▶ **PROMPT**
Output exactly the lines below, starting with the line that has "Photo 8 VIN: 5YJSA1E16GF152762" and going on through the line that has "Modern Upholstered Kitchen", both included, and no other lines.

▶ **RECORDED INFORMATION**
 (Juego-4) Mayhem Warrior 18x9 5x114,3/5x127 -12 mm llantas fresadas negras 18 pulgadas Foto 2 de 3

* * *

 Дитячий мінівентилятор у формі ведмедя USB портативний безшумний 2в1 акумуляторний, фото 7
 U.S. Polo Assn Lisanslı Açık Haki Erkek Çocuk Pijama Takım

---

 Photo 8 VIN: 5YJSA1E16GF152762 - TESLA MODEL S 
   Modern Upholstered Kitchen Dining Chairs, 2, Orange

▶ **ANSWER TO THIS EXERCISE**
 Photo 8 VIN: 5YJSA1E16GF152762 - TESLA MODEL S 
   Modern Upholstered Kitchen Dining Chairs, 2, Orange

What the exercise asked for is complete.